Carnaval de Rio
À Rio de Janeiro, les répétitions s’intensifient au Sambadrome à l’approche du carnaval. Chaque année, les écoles de samba de la ville rivalisent pour décrocher le titre de champion et intégrer le prestigieux « Groupe spécial », qui réunit les 12 meilleures formations.
Chaque école peut mobiliser jusqu’à 4 000 participants, danseurs et musiciens, qui doivent défiler en parfaite harmonie au rythme des tambours.
Longtemps, les rôles ont semblé figés : aux femmes la danse, aux hommes les percussions. Mais les lignes bougent.
Une présence féminine encore rare à la direction
Les sections de percussions, appelées baterias, ont dirigées par des chefs d’orchestre. Moins de 10 % d’entre eux sont des femmes.
Laisa Lima fait partie de ce groupe restreint.
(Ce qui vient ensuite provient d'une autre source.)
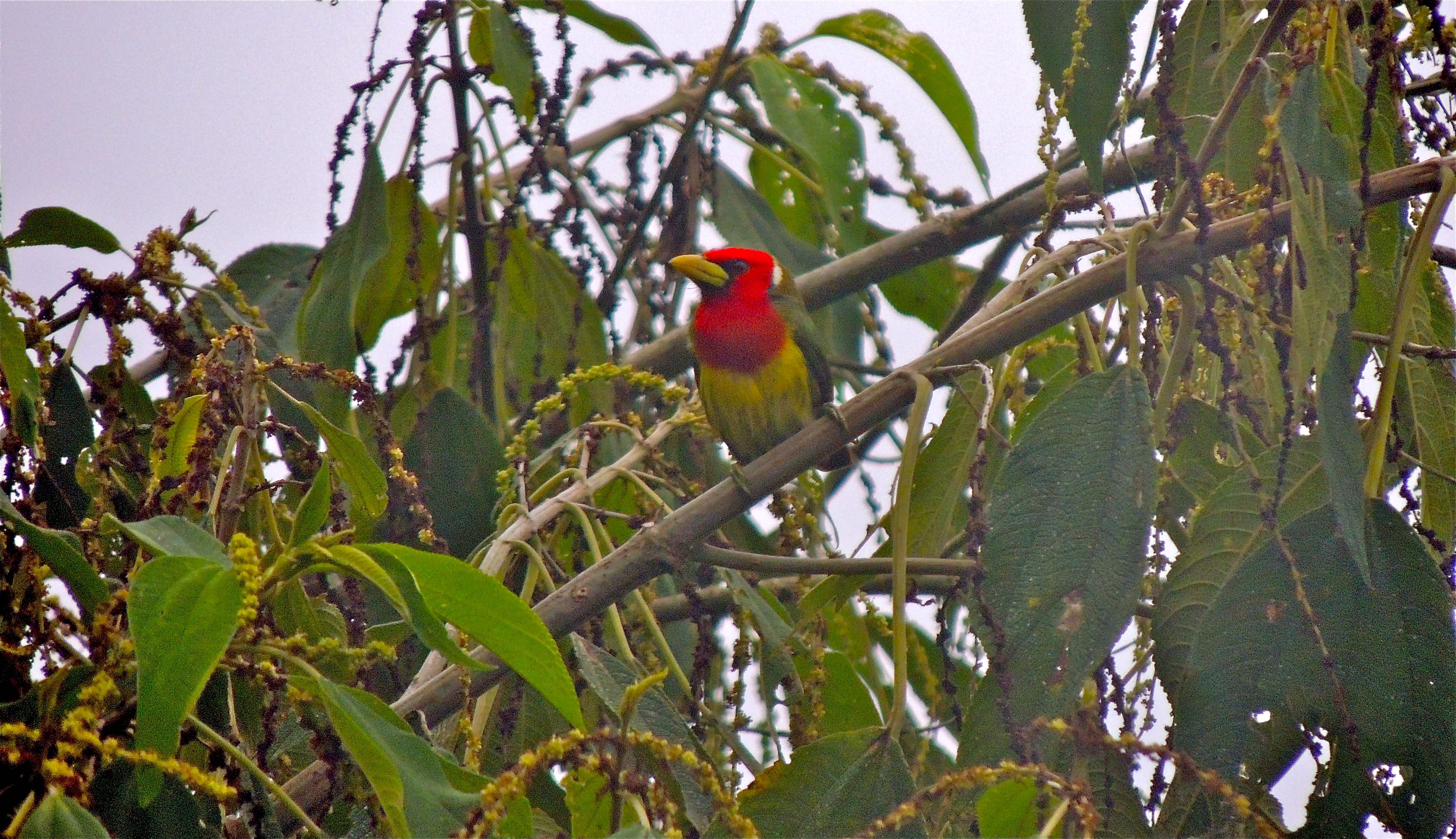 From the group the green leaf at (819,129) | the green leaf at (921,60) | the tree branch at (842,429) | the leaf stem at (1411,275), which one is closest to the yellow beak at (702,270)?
the green leaf at (819,129)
Elle n’est pas la première femme à occuper ce poste, mais elle demeure l’une des rares à diriger une bateria lors du défilé au Sambadrome.
« Je ne sais pas qui a lancé cette idée selon laquelle les instruments à percussion ne convenaient pas aux femmes. De nombreuses sections de percussions (baterias) interdisaient aux femmes d'y participer. Heureusement, ce tabou a été brisé », explique-t-elle.
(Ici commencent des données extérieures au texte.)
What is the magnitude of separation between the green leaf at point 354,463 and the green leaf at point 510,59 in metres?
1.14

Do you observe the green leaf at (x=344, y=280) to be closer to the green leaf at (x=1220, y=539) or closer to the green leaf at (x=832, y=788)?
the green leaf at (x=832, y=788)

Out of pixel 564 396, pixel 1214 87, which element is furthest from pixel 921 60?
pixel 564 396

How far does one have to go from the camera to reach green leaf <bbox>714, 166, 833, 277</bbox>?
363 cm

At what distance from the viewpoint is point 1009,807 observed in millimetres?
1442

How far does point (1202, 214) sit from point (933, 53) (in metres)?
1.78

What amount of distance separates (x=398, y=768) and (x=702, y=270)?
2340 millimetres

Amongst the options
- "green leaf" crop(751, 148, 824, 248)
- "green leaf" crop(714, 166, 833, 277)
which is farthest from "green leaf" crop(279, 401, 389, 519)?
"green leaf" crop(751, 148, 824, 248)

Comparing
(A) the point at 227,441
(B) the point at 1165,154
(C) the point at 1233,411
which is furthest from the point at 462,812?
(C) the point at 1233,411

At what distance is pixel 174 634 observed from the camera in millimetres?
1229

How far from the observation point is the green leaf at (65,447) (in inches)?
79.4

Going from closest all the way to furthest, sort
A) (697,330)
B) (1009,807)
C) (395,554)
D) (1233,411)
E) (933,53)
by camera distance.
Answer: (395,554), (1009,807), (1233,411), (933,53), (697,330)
Musicienne depuis l’enfance, Laisa a grandi dans l’univers du carnaval. Elle joue du tamborim depuis ses premières années, portée par des parents eux-mêmes engagés dans les écoles de samba.
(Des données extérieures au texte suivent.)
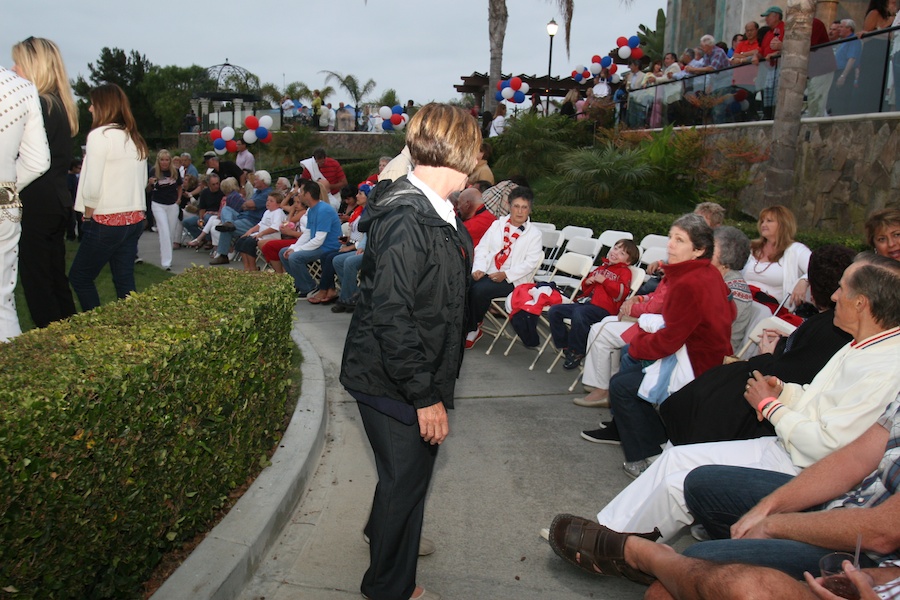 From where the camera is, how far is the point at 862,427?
284 cm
Pour elle, la direction d’une section rythmique ne repose pas sur la force physique.
« Beaucoup de gens ont cette vieille croyance selon laquelle les femmes sont le sexe faible. Cependant, la section de percussions n'est pas une question de masculinité ou de force. C'est une question de sentiments et de gestion des personnes. »
Cette année, Laisa dirigera la section de percussions de l’école Arranco. La bateria compte 250 musiciens.
« Cette année, la section de percussions compte 250 membres. Deux cent cinquante cœurs battant à la même cadence, avec le même objectif et conquérant le même but. »
À Arranco, environ 30 % des percussionnistes sont des femmes — un pourcentage encore rare dans le monde des écoles de samba.
Pour Laisa, la percussion est avant tout une affaire d’émotion.
« Parler des émotions dans la section des tambours est déjà émouvant, c'est le pouls de nos cœurs, c'est l'émotion qui transforme notre corps, notre énergie, en son. »
Une nouvelle génération de musiciennes
La progression des femmes dans les percussions s’observe aussi en dehors du Sambadrome. Dans les quartiers de Rio, les « blocos » — groupes de carnaval de rue — accueillent de plus en plus de musiciennes.
Thalita Santos, percussionniste et enseignante, œuvre depuis des décennies pour renforcer cette présence féminine.
« Beaucoup de femmes qui dansent apprennent à jouer. Beaucoup de femmes qui jouent apprennent à danser. De nos jours, pendant le carnaval, les femmes peuvent occuper n'importe quel espace, que ce soit pour danser ou pour jouer. Il n'y a plus de division entre les femmes qui dansent et les hommes qui jouent. Heureusement, cette époque est révolue. Nous sommes actuellement en train d'augmenter le nombre de femmes qui jouent. »
Aujourd’hui, les femmes ne sont plus seulement les visages du carnaval. Elles en battent aussi le rythme.
Et si leur présence à la tête des baterias reste minoritaire, elle s’impose progressivement comme une nouvelle réalité du plus grand spectacle du Brésil.